Repeat the lines below exactly as written, please, from the line with "A woman staring" to the line with "Jimmy Choo Hot", both lines included, and no others.

- PROVIDED MATERIAL -
________________

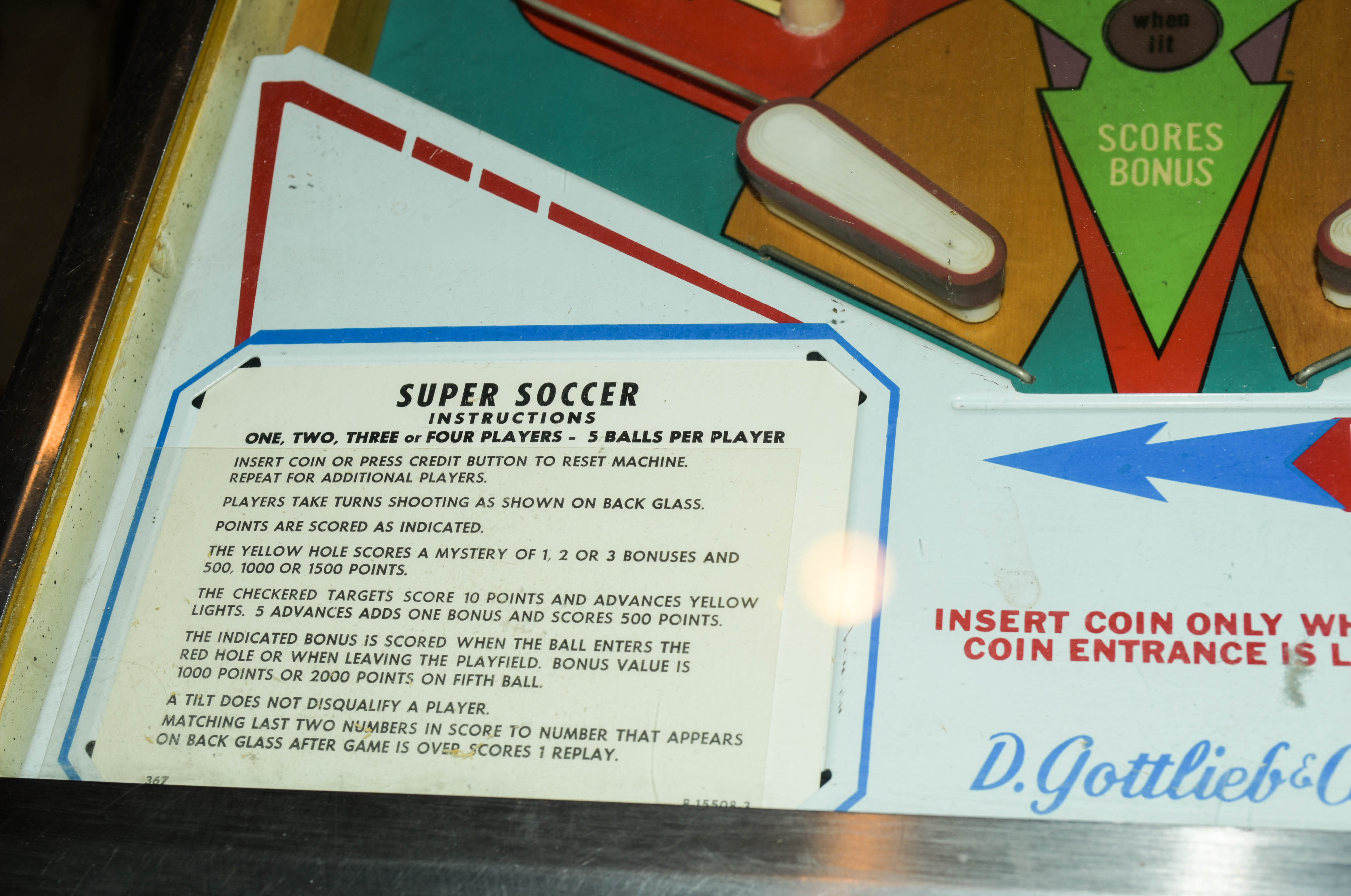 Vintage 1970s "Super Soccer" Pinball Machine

________________

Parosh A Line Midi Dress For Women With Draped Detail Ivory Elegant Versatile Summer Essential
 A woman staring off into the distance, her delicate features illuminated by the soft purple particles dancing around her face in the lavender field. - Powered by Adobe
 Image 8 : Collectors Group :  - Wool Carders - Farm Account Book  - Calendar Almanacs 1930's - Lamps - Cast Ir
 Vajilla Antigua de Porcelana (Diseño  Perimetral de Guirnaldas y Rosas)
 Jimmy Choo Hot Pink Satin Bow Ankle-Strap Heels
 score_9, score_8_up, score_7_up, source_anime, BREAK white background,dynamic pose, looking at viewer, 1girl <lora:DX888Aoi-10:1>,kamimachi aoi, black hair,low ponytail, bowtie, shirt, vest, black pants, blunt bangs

________________

- RESPONSE AREA -
 A woman staring off into the distance, her delicate features illuminated by the soft purple particles dancing around her face in the lavender field. - Powered by Adobe
 Image 8 : Collectors Group :  - Wool Carders - Farm Account Book  - Calendar Almanacs 1930's - Lamps - Cast Ir
 Vajilla Antigua de Porcelana (Diseño  Perimetral de Guirnaldas y Rosas)
 Jimmy Choo Hot Pink Satin Bow Ankle-Strap Heels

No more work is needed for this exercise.